Hokkaido Scallop
Hokkaido Scallop topped with porcini truffle pate

Le Sense Tasting Menu and Dim Sum

For Christmas a normal meal would mean turkey and lots of Christmas goodies, but this is Malaysia and tasting Le Sense’ tasting menu came as an absolute delight. Away from the traditional minced pies and dry turkey with dry stuffing, Le Sense offered us an 8-course tasting menu which takes Japanese and European ingredients and combines them with Cantonese elements.

The results?

An amalgamation of flavours bursting through each bite as we journeyed along the meal.

Amuse Bouche – Lotus Root Sunomono

We started our meal with a lotus root sunomono which was a great teaser of what is to come. A sunomono in Japanese is a side dish that has elements of vinegar to it. This dish incorporates lotus root, an ingredient more common in Chinese cooking in Malaysia to start us off on a culinary adventure.

Ebi Tempura – yuba tempura ume

Next up was the ebi tempura, ebi meaning shrimp, wrapped around in bean curd and with some apricot to give a well rounded balance of both flavours and textures. As the meal gets a little more savoury, this follows up nicely after the initial amuse bouche.

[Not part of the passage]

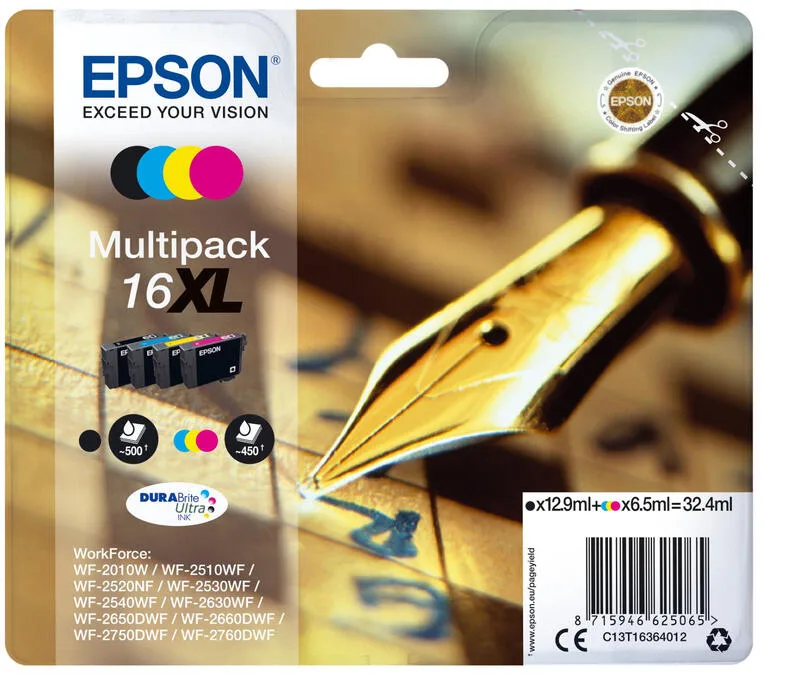 Pen and crossword multipack 4 kleuren 16 XL DURABrite Ultra inkt by Epson – product photo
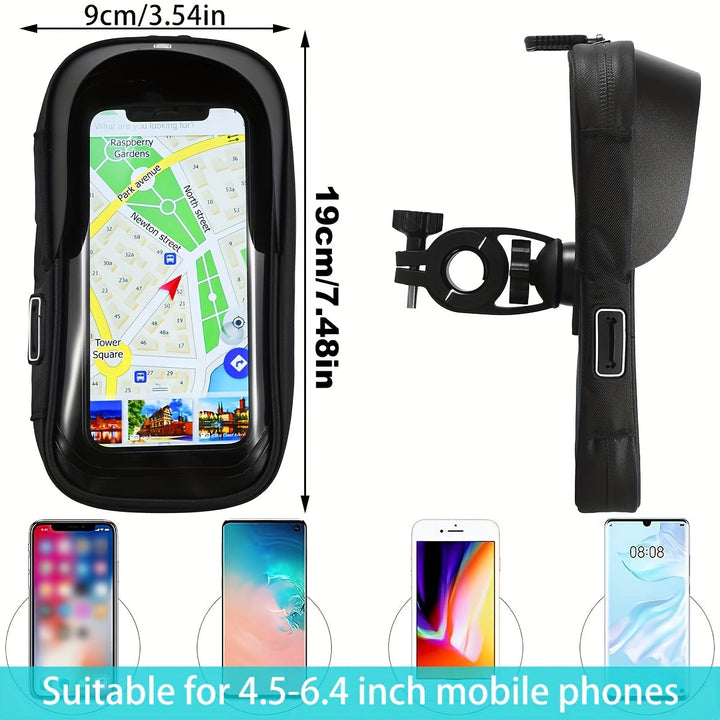 Lisslune | Waterproof Phone Holder for Bike and Motorcycle – 360° Rotatable and Suitable for 4.5–6.4 inch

Hokkaido Scallop topped with porcini truffle pate

One of my favourites of the night is the Hokkaido Scallop, which was extremely fresh and cooked perfectly. Topped with a porcini truffle pate, and an accompanying flat green bean for an added crunch, the dish screams luxurious and tasty as well.

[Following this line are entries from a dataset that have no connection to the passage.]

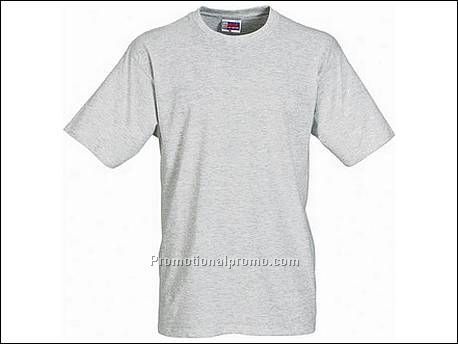 Heavy Super Club-T-shirt. Rond gebrei...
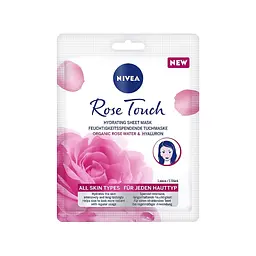 Маска для обличчя Nivea Rose Touch Hydrating Sheet Mask 1 шт. (9005800346854)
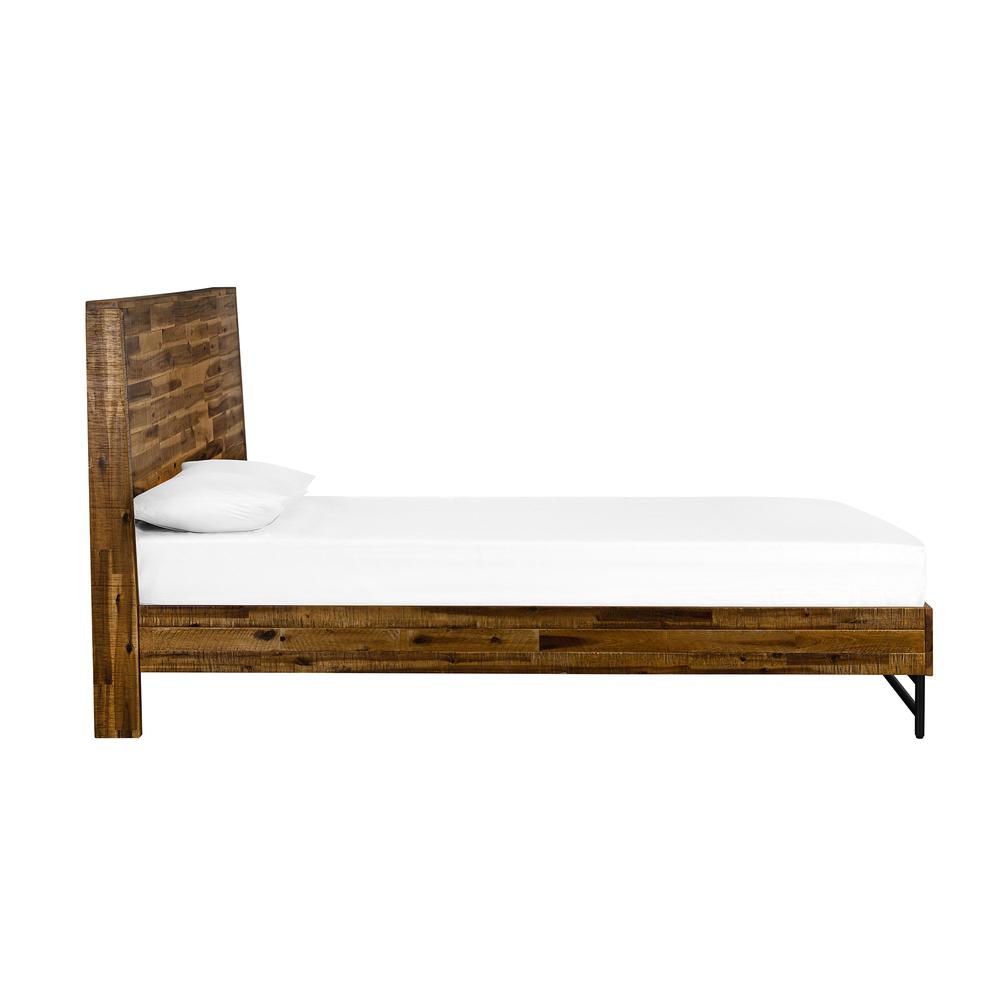 Rustic Acacia Platform King Bed. Picture 3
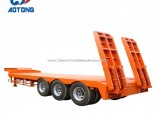 Customised Low Bed Trailer Dimensions, 30 Tons - 80 Tons Low Loader, Lowboy Trailer 50 Ton 60 Tons F
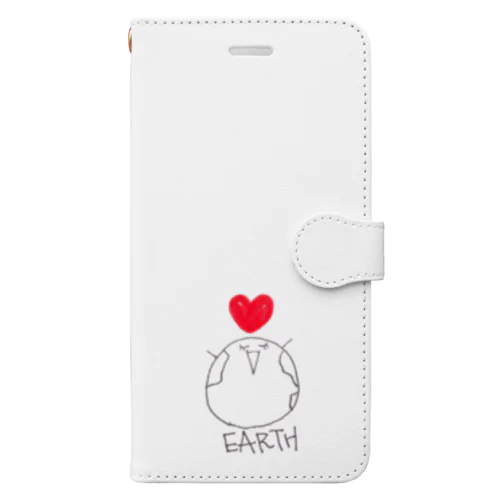 Earth🌎 手帳型スマホケース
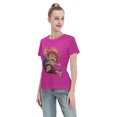 thumbnail image 4 of Women's Basic Short Sleeve T-Shirt One Piece Chopper, 4 of 6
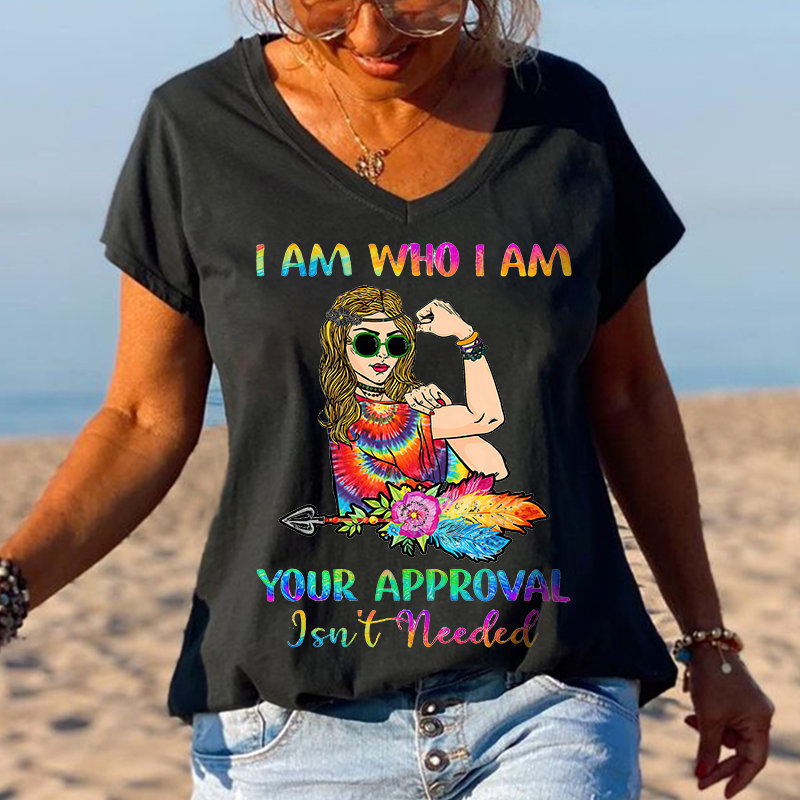 I Am Who I Am Cool Girl Graphic Tees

Fish Maw Quenelle in clear consommé bouillon

Up next was a fish maw quenelle covered in a clear consommé bouillon served with a side of broccoli. The fish maw is one of the more unique textured part of the fish which I love. It is usually a piece exalted in Chinese cooking and if you haven’t tried it before, I would recommend this.

Spanish Iberian Jowl with mustard leaf lily bulb

I have always been a fan of Spanish Iberian Jowl, whether it is grilled or barbecued. This time it was an interesting ingredient to be used in a typical Cantonese styled dish where it sits on top of a bed of stir fried vegetables. The combination of the jowl and vegetable was amazing and everyone really loved this dish. Probably the star of the night.

Consommé Wonton in a smoked dover sole broth

I really wished that I could have more of these Wonton, it was plump and filled to the brim. Once you take a bite of them, the juices just explodes in your mouth, bursting with flavours. Together with the broth, it was an amazing combination, one that gets me thinking why does it bring a sense of familiarity but yet excitement.

Fragrant Rice with Aomori scallop and cured meat

This fragrant rice brings all sorts of memories of the typical “Lap Mei Fan” or known as claypot rice with cured meat. This has an interesting twist to it adding in additional ingredients and scallops from Aomori, a city in the Tohoku region of Japan. As a guy who loves his carbs, this was the best ending to the savoury part of the meal. Every grain of rice was nicely coated and the balance between the cured meat and the fresh green onions was just right.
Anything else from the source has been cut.